■ **WORK TO COMPLETE**:
Pictures stay out, but every line of the data is copied exactly.

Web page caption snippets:
——————————

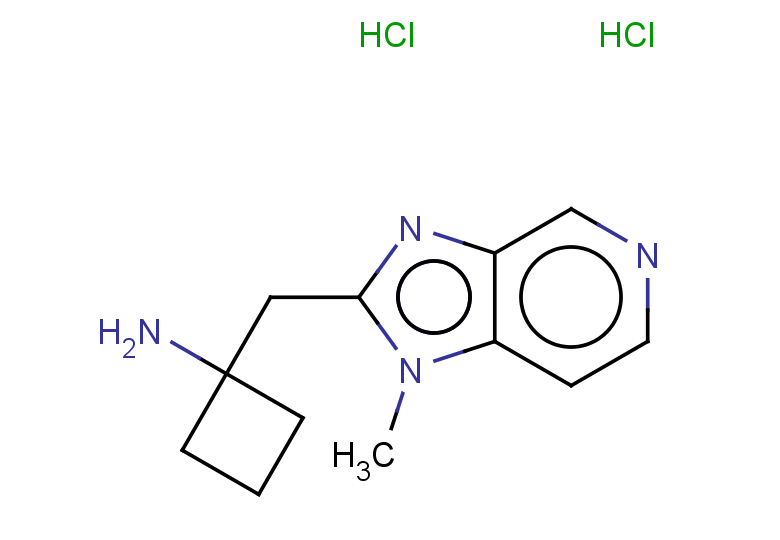 1-({1-methyl-1H-imidazo[4,5-c]pyridin-2-yl}methyl)cyclobutan-1-amine dihydrochloride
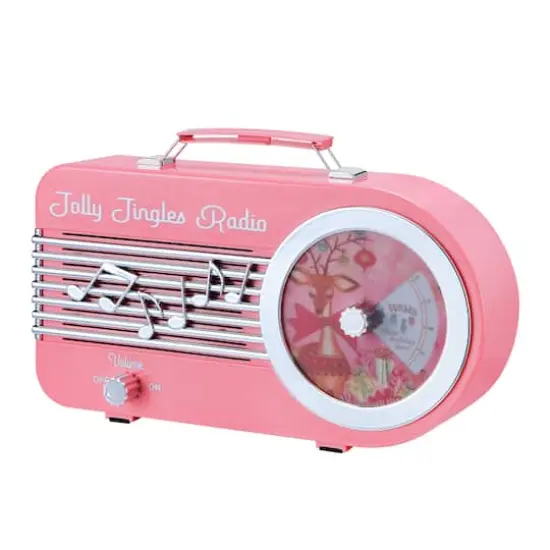 10.5" Pink Jolly Jingles Radio {1}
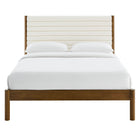 Modway Olea Channel Tufted Boucle Solid Wood Full Platform Bed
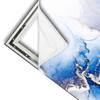 Xxl Wandbild Fluid Art Winter Wonderland Querformat Materialvorschau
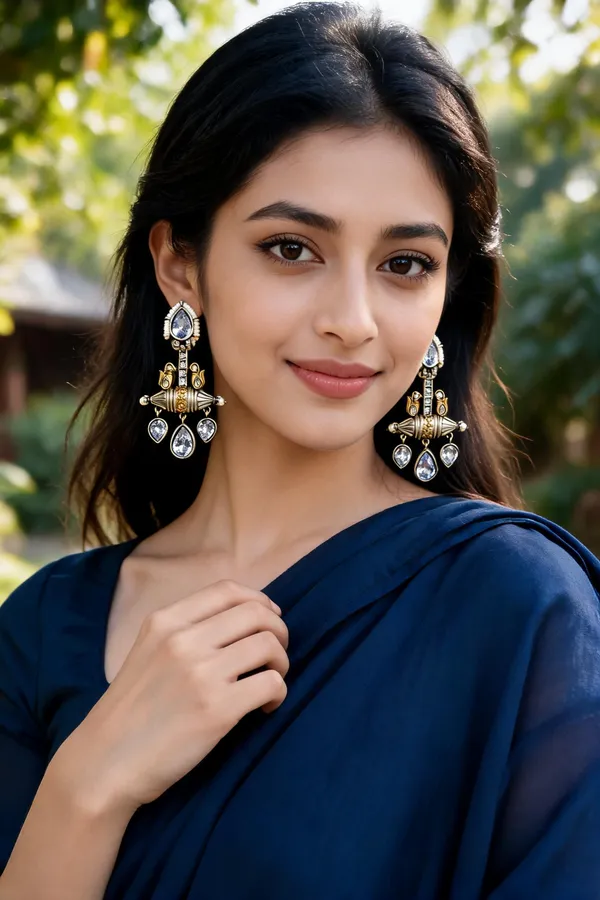 Taruvi_Dangler_Earring_Clear_White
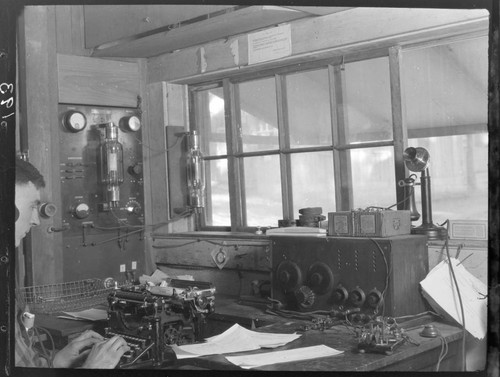 Interior of radio communications office at Big Creek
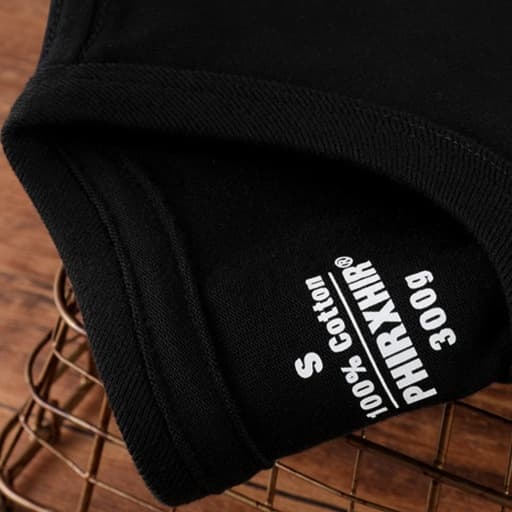 ロンT 重厚感溢れる純綿長袖シャツ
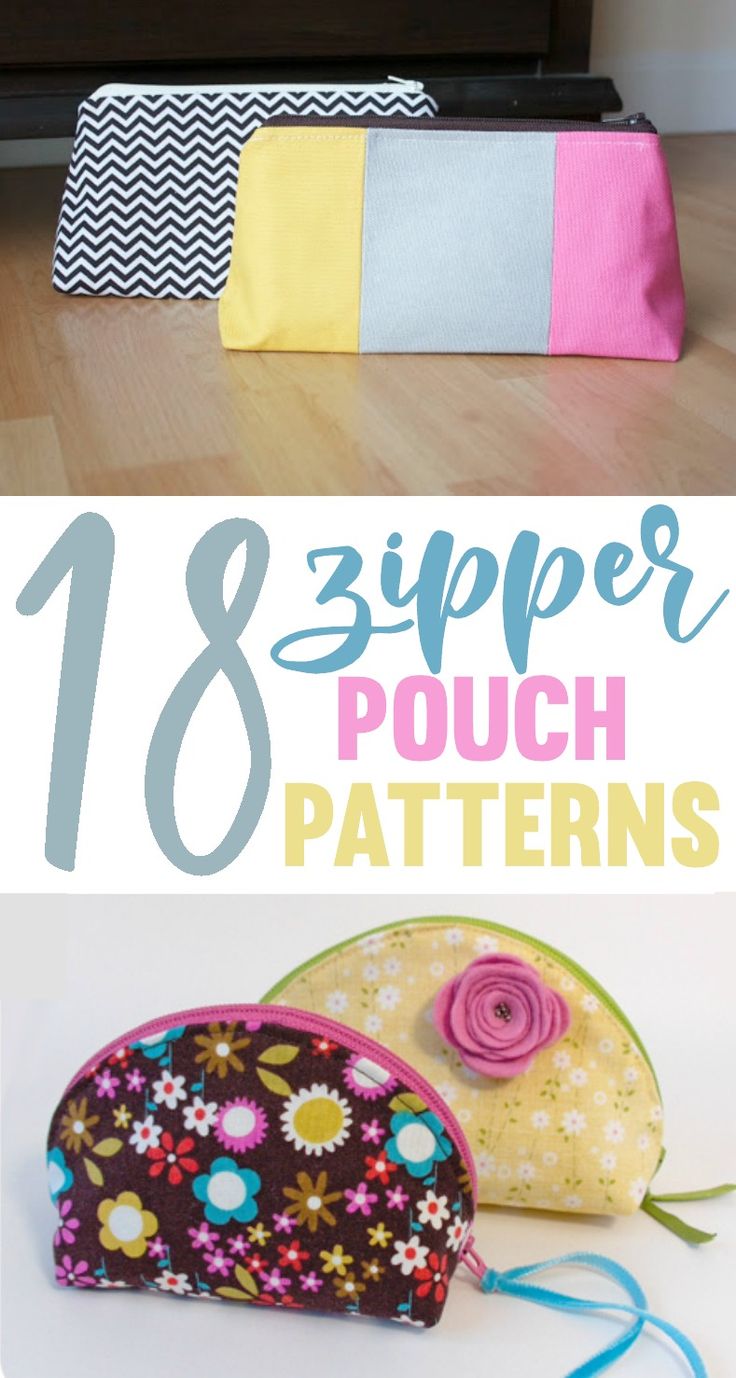 Zipper pouches are one of the easiest sewing projects that you can make, not to ...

——————————

■ **SOLUTION TO THE EXERCISE**:
 1-({1-methyl-1H-imidazo[4,5-c]pyridin-2-yl}methyl)cyclobutan-1-amine dihydrochloride
 10.5" Pink Jolly Jingles Radio {1}
 Modway Olea Channel Tufted Boucle Solid Wood Full Platform Bed
 Xxl Wandbild Fluid Art Winter Wonderland Querformat Materialvorschau
 Taruvi_Dangler_Earring_Clear_White
 Interior of radio communications office at Big Creek
 ロンT 重厚感溢れる純綿長袖シャツ
 Zipper pouches are one of the easiest sewing projects that you can make, not to ...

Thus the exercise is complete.